I’ve been in Nairobi for two weeks now, and a post is long overdue. I’ve had some difficulty bringing myself to write my first post but not for lack of material; I have experienced and learnt so much since I arrived. However, I think I have been feeling some sort of detachment from reality. Let me try to explain. My first day here I went to visit Kibera, one of the largest slums in the world, with Barbara, the other Advocacy Project Peace Fellow who had already been here for a week before I arrived. It was a good visit; but afterward, when Barbara asked me if I had been shocked by what I had seen, I thought about it and was surprised to find that I wasn’t shocked. In fact Kibera was very much what I expected. I did not feel overwhelmed by the incredible poverty and deprivation I had witnessed.

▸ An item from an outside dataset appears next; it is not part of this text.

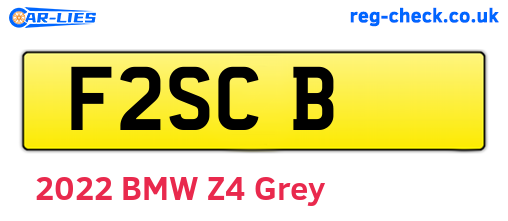 F2SCB are the vehicle registration plates.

Over the next week I visited several other areas of Nairobi, upon reflecting on these visits I found that I felt no real emotions in response. I felt a numbness or separation from the horrific poverty and living conditions I was witnessing daily. I found myself greatly disturbed by my lack of emotion, which felt to me like lack of empathy. I had many conversations with friends who tried to help me understand my reaction. But I wasn’t satisfied. It wasn’t until I started describing in greater detail some of the things I had seen to a friend back home that I realized that I was actually very much affected by everything I had seen and all the stories I had been told. Typing out the stories over a g-chat, almost in tears in Undugu’s office, I happily realized that I am still human! I simply didn’t known how to process everything I was taking in. This resulted in a sort of paralysis, which really was not allowing me to do my work effectively. I am supposed to be “telling the story” and not just reflecting on the story endlessly.
So, I suppose this gets to be my outlet. And it is time to start telling the story of the marginalized youth in Nairobi. But before I get ahead of myself, I will explain what exactly it is I am supposed to be doing here this summer. For the next two months I will be in Nairobi working with the Undugu Society of Kenya (USK). USK’s mission is to rehabilitate street children and empower communities. In the past few years they have added advocacy to their various programs, hoping to give a voice to the vulnerable and marginalized children and youth in Kenya.
Last year Kristina Rosinsky, another Advocacy Project Peace Fellow, started the Digital Storytelling Project, which allowed 12 young people belonging to Undugu’s informal schools and Street Associations to self-advocate using photography and blogs to tell their stories. Together they identified police harassment, glue-sniffing/drugs, and the environment as three of the biggest issues of concern in their lives. Unfortunately, for a multitude of reasons, once Kristina left the project was put on hold.
This summer I will be working with Barbara Dziedzic, another AP Fellow, as well as two of the young men who participated in the project last year, Martin and Joseph. Together we will be relaunching and retooling the program so that it may be sustained, hopefully for years to come. When I asked Martin and Joseph why they wanted to continue working on this project they explained the great need to change the negative stereotypes that young people face in Nairobi. Young people living in the slums throughout Nairobi are most often perceived to be violent criminals, perhaps this stereotype has grown even stronger as a result of the post-electoral violence last year. Martin also expressed the need to talk about the issues that they face everyday to try to change their circumstances. Their blogs can be accessed here: Martin Ndung’u and Joseph Gachira. And so that is what I will be trying to do this summer, or winter in Kenya: trying to help a new group of young people find their voices in the hopes of changing and bettering their lives.